- **PROBLEM TO SOLVE**: Set down, exactly as written, the lines from the top of the data to the line that holds "Let's look at", and omit the pictures.

[Data items]

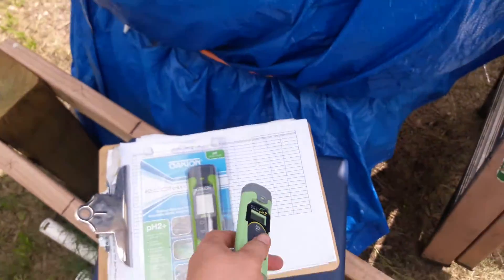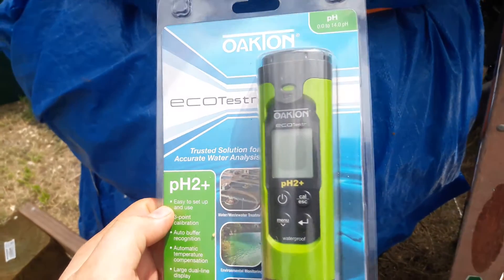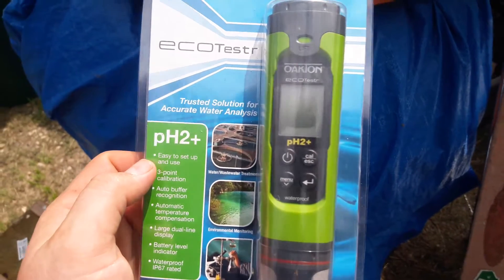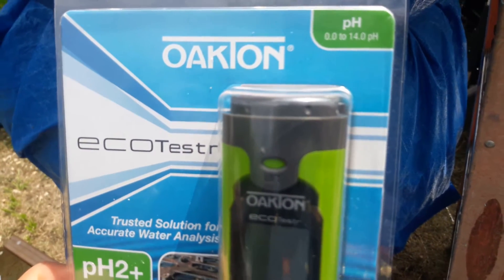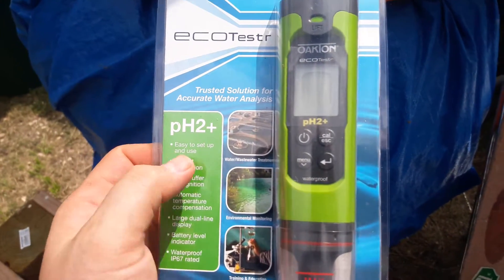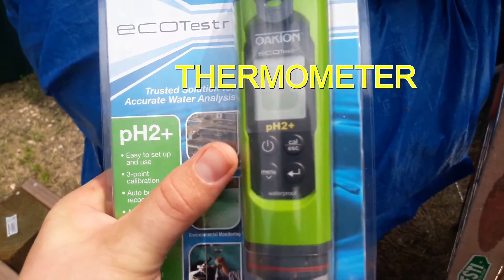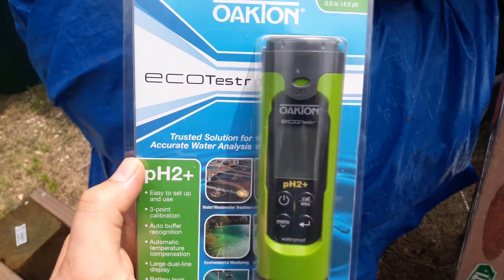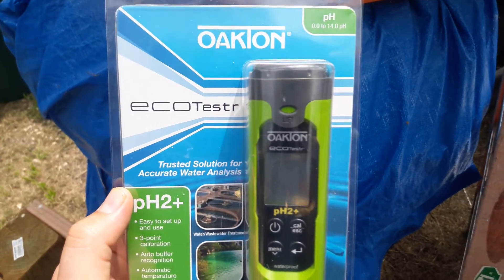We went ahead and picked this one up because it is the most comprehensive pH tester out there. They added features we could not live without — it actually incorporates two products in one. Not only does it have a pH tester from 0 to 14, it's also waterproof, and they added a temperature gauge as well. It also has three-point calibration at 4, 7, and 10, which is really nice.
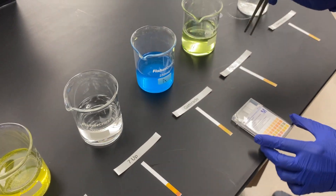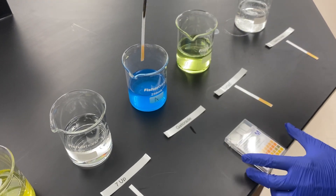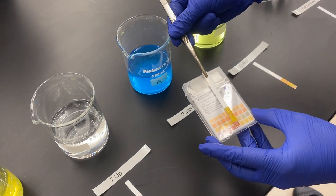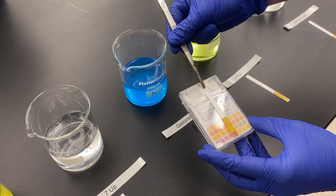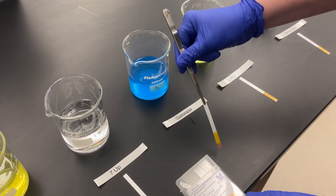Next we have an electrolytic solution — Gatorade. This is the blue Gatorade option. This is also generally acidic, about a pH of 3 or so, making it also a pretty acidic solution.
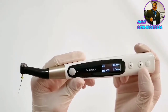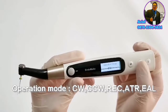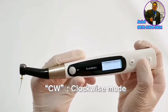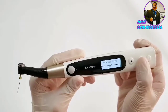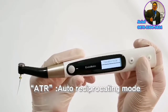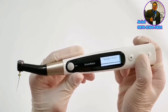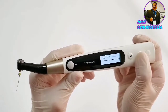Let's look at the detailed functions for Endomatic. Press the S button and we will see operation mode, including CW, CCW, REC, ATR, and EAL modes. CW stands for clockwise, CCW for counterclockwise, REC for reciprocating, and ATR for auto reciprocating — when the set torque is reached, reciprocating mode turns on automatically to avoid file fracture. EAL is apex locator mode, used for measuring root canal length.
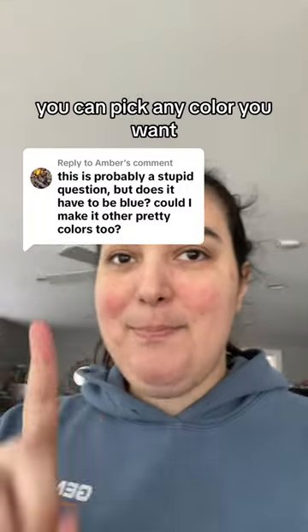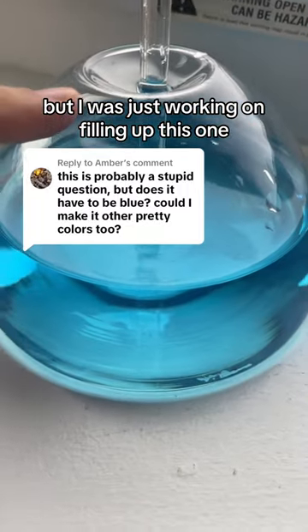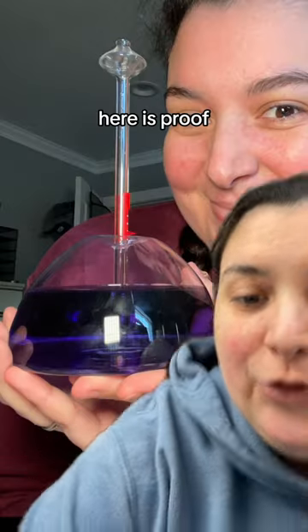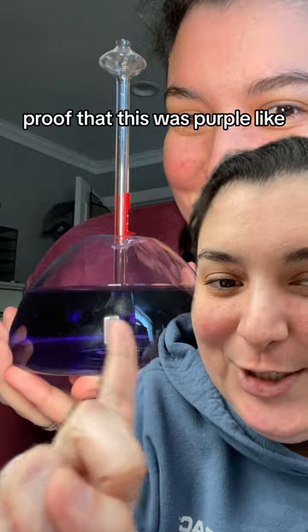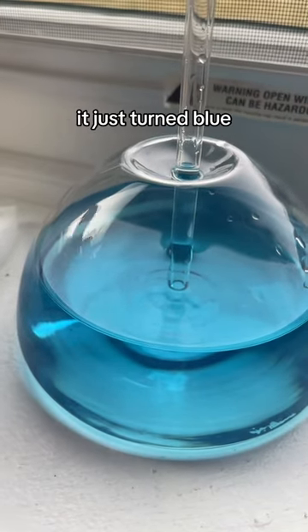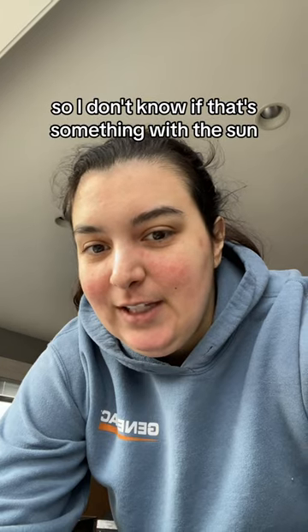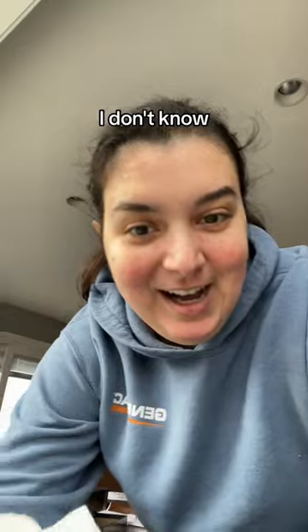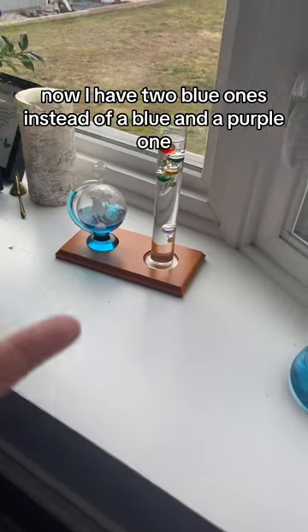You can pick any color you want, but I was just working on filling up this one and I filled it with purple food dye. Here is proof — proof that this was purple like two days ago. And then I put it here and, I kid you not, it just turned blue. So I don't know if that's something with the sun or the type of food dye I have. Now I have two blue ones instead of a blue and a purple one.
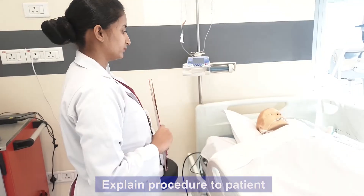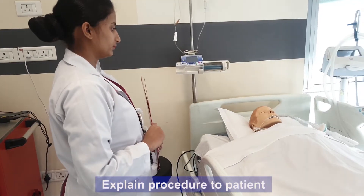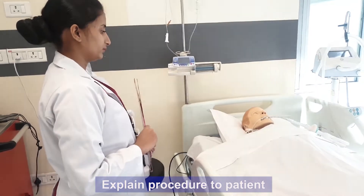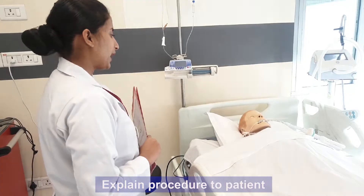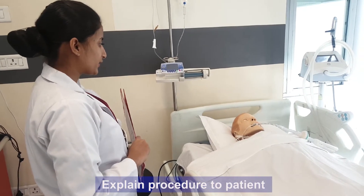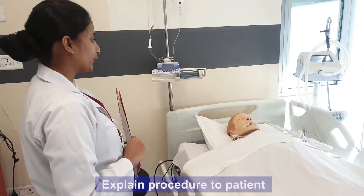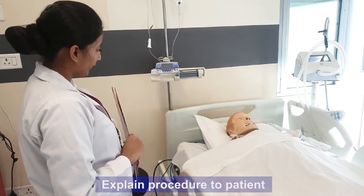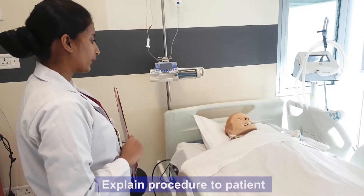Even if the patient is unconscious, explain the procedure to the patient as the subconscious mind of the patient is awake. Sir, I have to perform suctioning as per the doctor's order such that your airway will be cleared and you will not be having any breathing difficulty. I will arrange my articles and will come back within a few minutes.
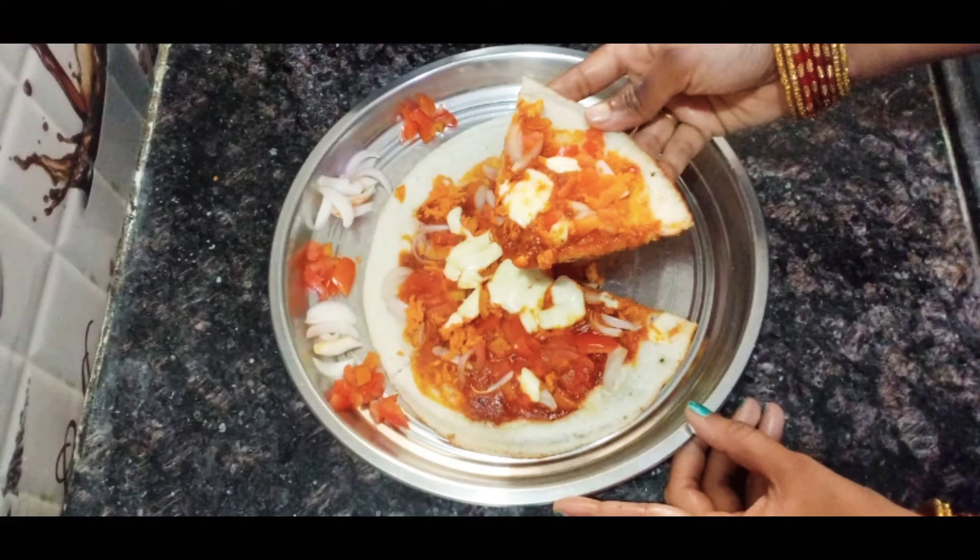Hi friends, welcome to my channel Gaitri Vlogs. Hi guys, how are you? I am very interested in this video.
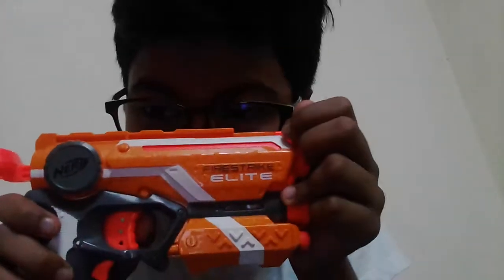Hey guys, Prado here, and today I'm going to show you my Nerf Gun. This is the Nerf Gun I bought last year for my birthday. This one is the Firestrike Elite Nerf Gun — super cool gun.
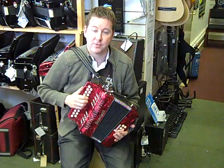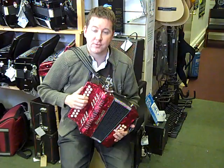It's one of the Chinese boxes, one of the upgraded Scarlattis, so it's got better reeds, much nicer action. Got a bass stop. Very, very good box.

- **OUTPUT OF THE TASK**:
We went ahead and picked this one up because it is the most comprehensive pH tester out there. They added features we could not live without — it actually incorporates two products in one. Not only does it have a pH tester from 0 to 14, it's also waterproof, and they added a temperature gauge as well. It also has three-point calibration at 4, 7, and 10, which is really nice.
Next we have an electrolytic solution — Gatorade. This is the blue Gatorade option. This is also generally acidic, about a pH of 3 or so, making it also a pretty acidic solution.
Let's look at the detailed functions for Endomatic. Press the S button and we will see operation mode, including CW, CCW, REC, ATR, and EAL modes. CW stands for clockwise, CCW for counterclockwise, REC for reciprocating, and ATR for auto reciprocating — when the set torque is reached, reciprocating mode turns on automatically to avoid file fracture. EAL is apex locator mode, used for measuring root canal length.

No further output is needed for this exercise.